Below is a listing; print exactly its lines from the one containing "Comfortable living room" down to the one containing "21668243 - happy", both inclusive, with every picture left out.

● **RECORD SET**:

......

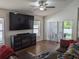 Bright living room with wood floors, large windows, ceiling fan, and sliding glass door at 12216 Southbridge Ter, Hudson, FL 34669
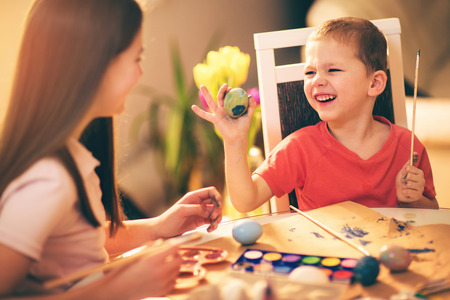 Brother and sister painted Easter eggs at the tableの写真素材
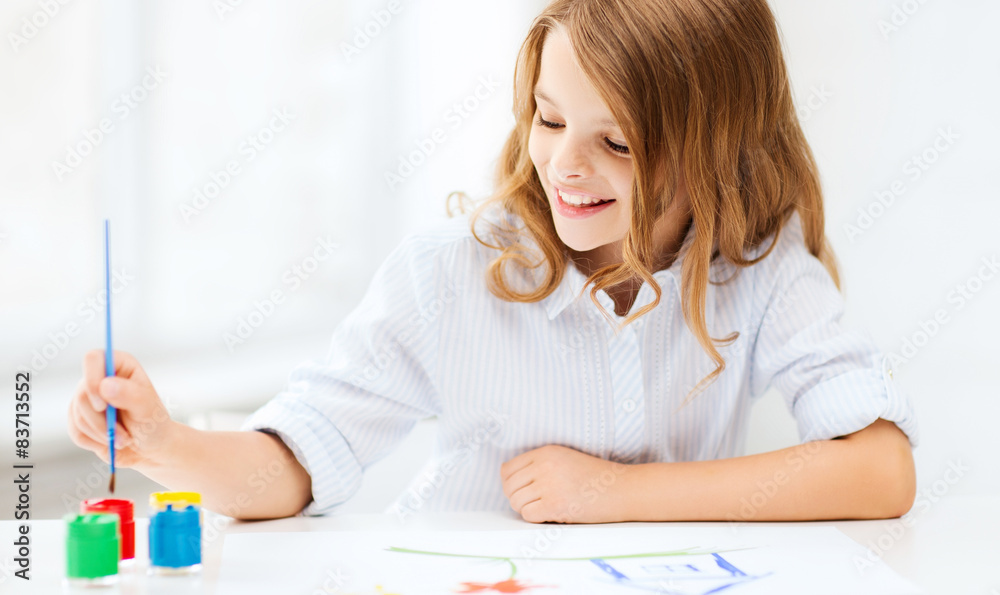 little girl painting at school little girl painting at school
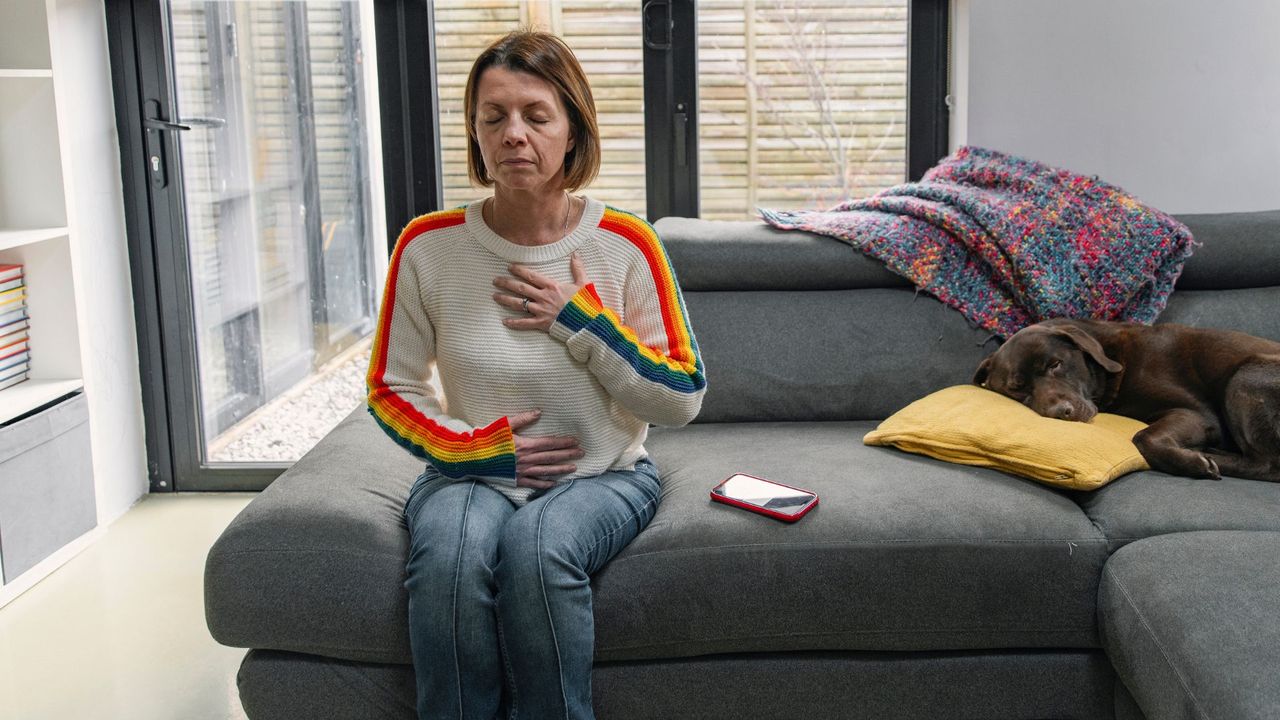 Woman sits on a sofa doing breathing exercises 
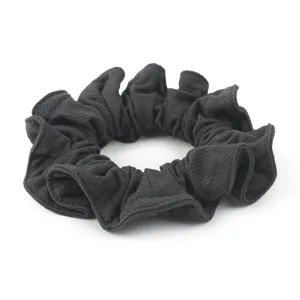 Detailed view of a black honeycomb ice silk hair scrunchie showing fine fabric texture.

......

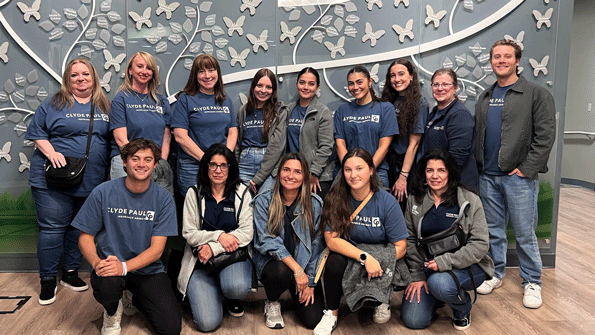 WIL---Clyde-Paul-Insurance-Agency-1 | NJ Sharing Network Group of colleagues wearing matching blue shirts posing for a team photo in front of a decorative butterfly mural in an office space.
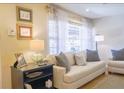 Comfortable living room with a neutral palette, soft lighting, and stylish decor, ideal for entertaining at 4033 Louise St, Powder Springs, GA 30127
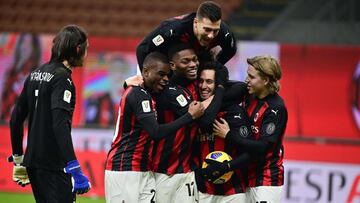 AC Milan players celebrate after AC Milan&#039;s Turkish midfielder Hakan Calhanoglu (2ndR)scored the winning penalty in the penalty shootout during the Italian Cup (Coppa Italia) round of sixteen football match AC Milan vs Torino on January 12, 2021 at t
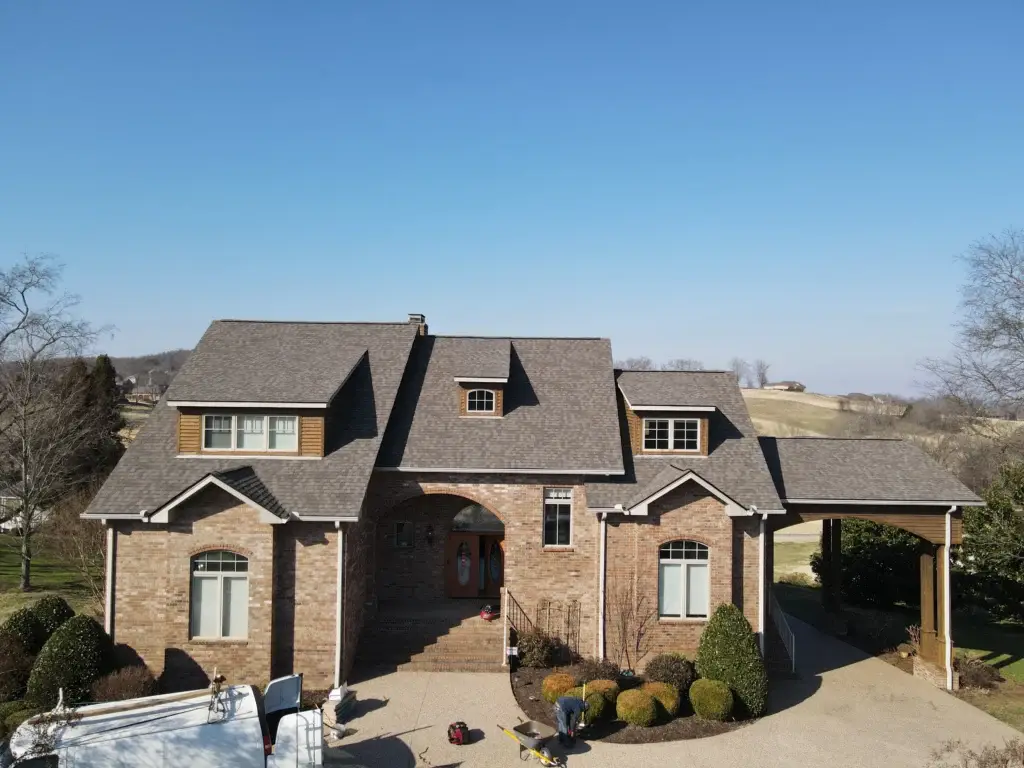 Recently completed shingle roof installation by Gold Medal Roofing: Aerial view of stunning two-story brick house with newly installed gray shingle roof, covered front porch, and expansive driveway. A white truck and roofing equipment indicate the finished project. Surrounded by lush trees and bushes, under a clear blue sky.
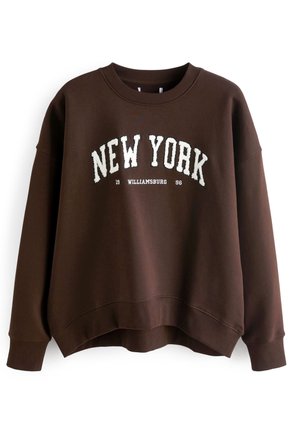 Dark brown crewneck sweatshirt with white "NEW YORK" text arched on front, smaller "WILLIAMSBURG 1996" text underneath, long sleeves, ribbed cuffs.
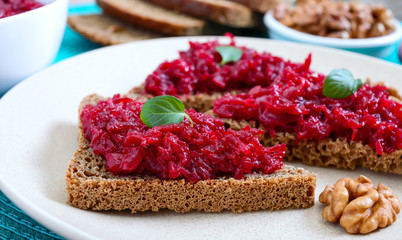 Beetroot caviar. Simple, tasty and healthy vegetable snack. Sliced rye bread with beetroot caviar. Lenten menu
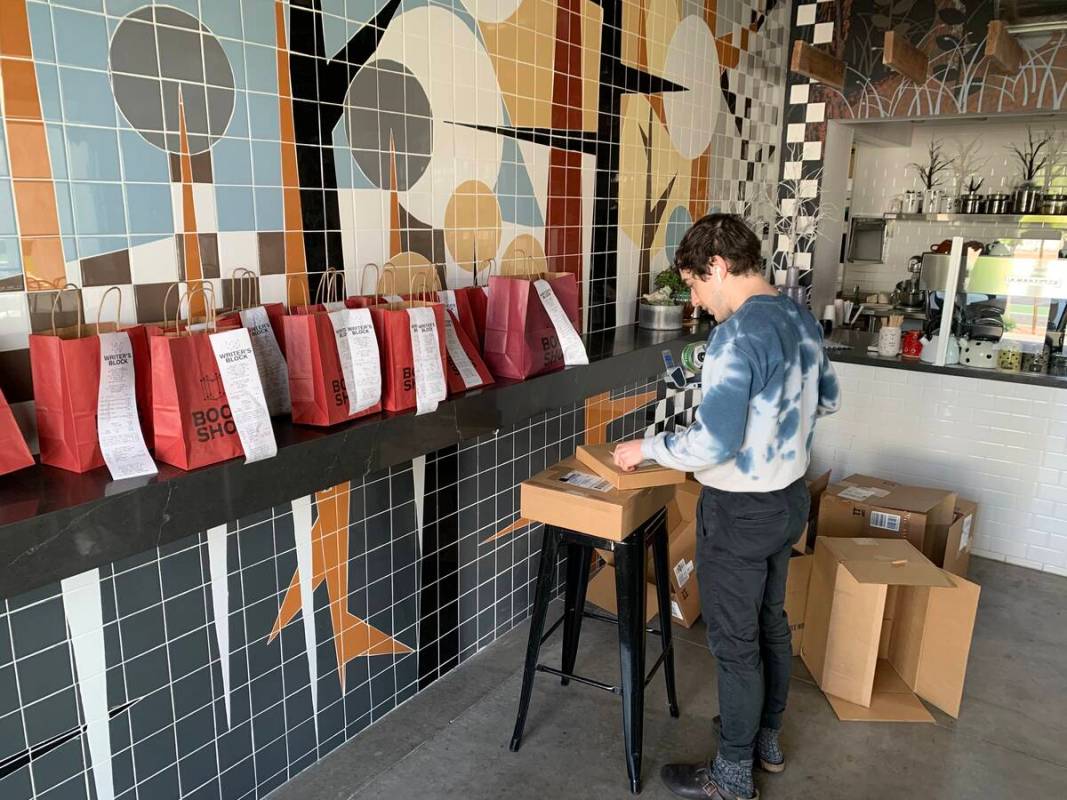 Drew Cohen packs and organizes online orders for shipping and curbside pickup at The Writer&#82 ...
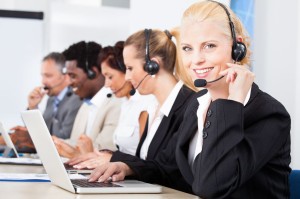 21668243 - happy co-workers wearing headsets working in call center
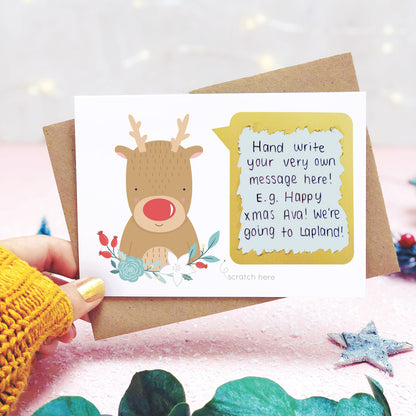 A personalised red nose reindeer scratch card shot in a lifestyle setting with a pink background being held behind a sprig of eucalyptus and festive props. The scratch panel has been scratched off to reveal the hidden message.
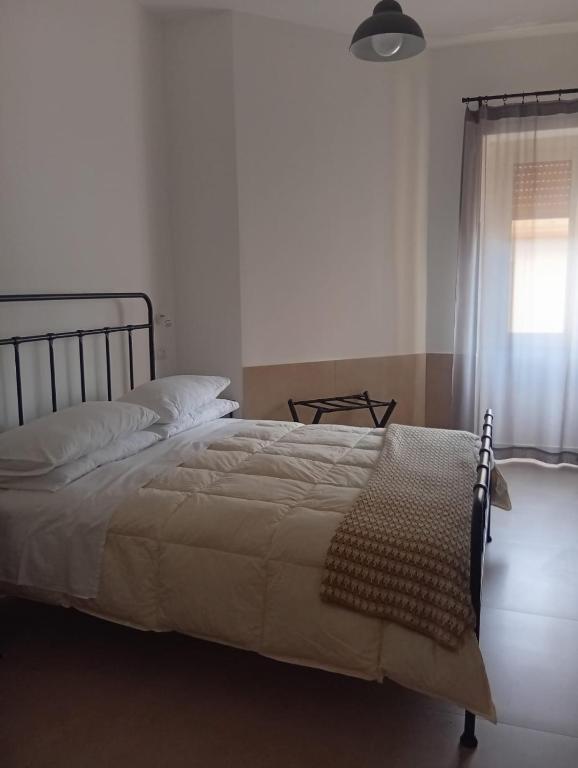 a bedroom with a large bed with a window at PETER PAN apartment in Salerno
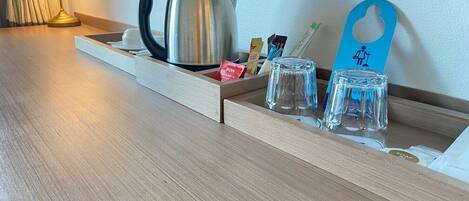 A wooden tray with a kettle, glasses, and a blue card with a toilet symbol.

......

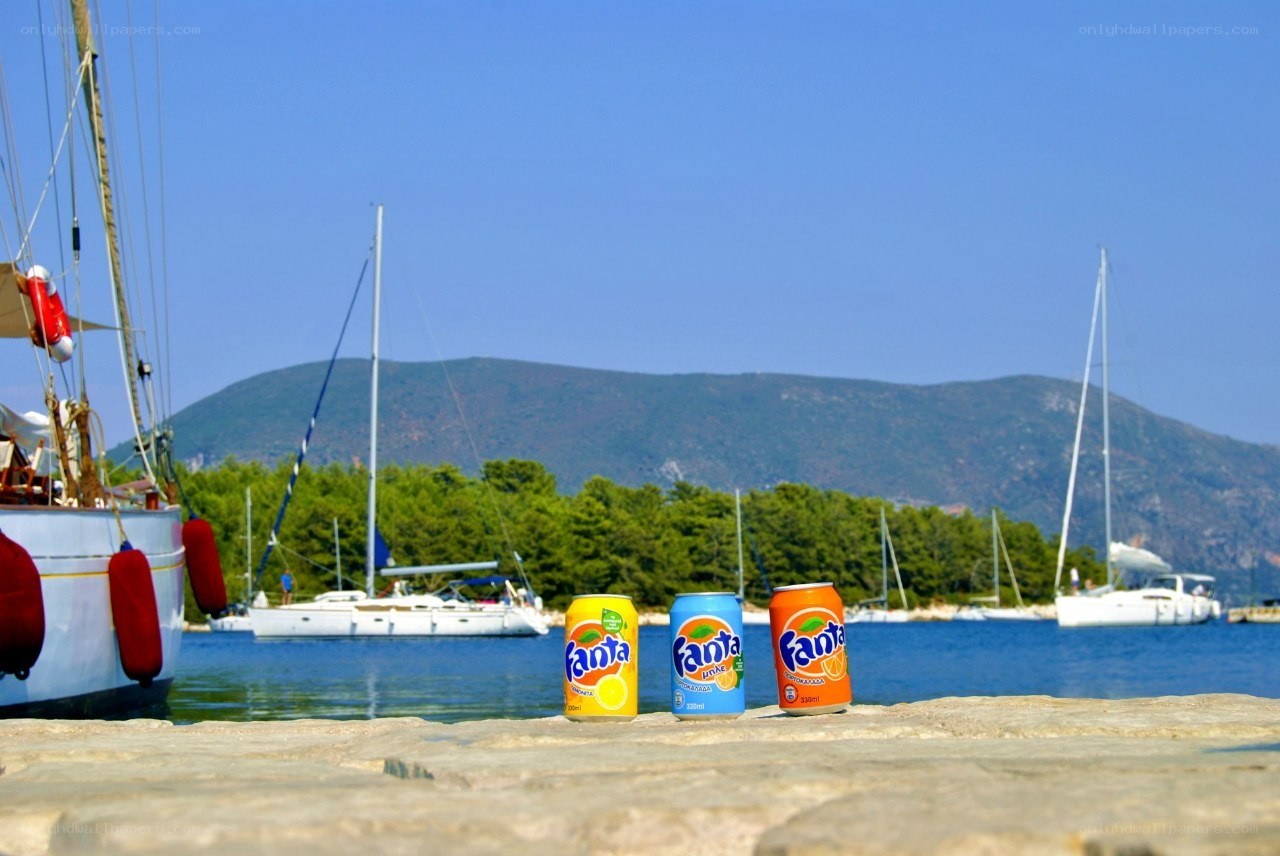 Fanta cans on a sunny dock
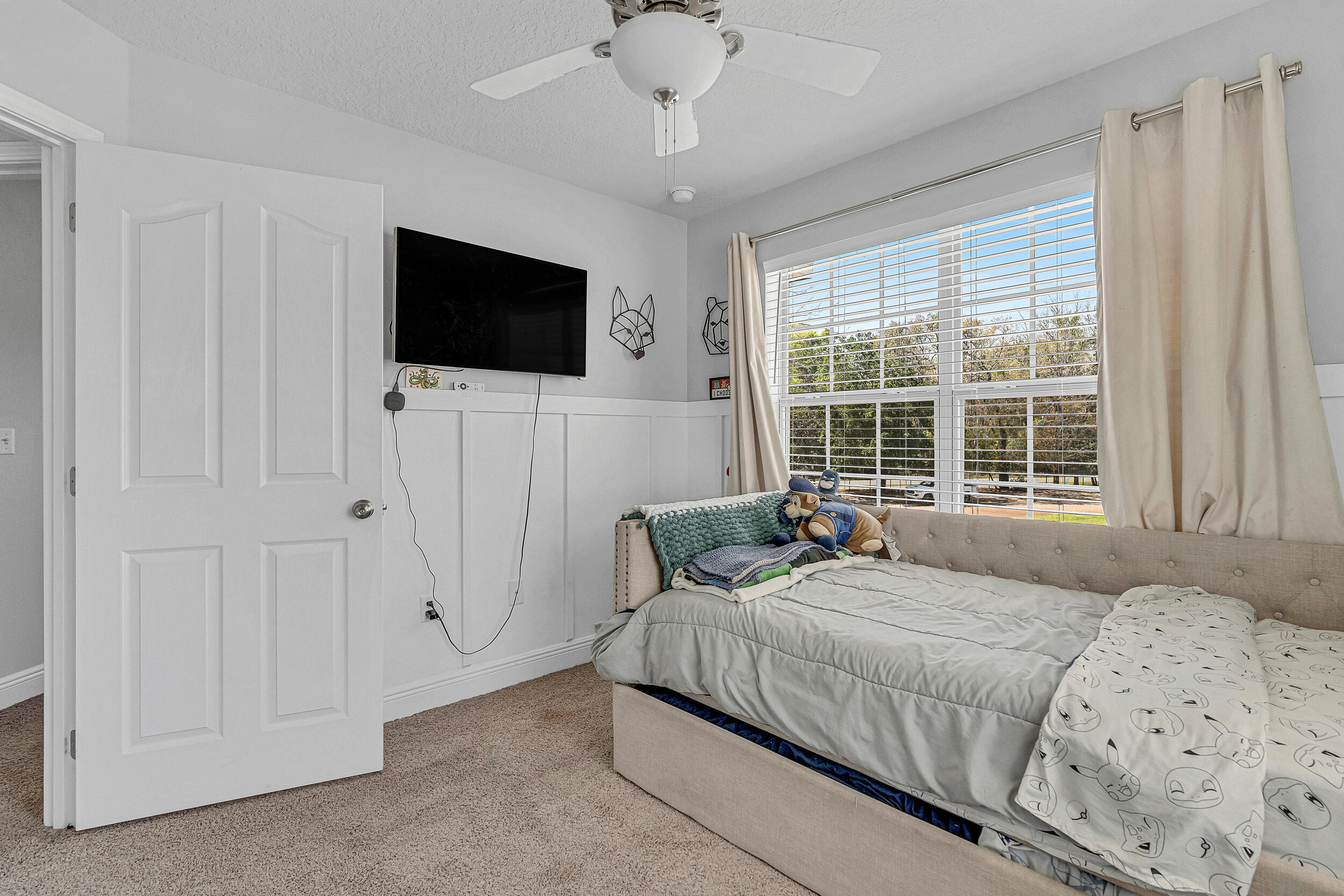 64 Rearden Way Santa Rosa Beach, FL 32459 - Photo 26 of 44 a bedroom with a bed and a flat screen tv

......

● **TASK SOLUTION**:
 Comfortable living room with a neutral palette, soft lighting, and stylish decor, ideal for entertaining at 4033 Louise St, Powder Springs, GA 30127
 AC Milan players celebrate after AC Milan&#039;s Turkish midfielder Hakan Calhanoglu (2ndR)scored the winning penalty in the penalty shootout during the Italian Cup (Coppa Italia) round of sixteen football match AC Milan vs Torino on January 12, 2021 at t
 Recently completed shingle roof installation by Gold Medal Roofing: Aerial view of stunning two-story brick house with newly installed gray shingle roof, covered front porch, and expansive driveway. A white truck and roofing equipment indicate the finished project. Surrounded by lush trees and bushes, under a clear blue sky.
 Dark brown crewneck sweatshirt with white "NEW YORK" text arched on front, smaller "WILLIAMSBURG 1996" text underneath, long sleeves, ribbed cuffs.
 Beetroot caviar. Simple, tasty and healthy vegetable snack. Sliced rye bread with beetroot caviar. Lenten menu
 Drew Cohen packs and organizes online orders for shipping and curbside pickup at The Writer&#82 ...
 21668243 - happy co-workers wearing headsets working in call center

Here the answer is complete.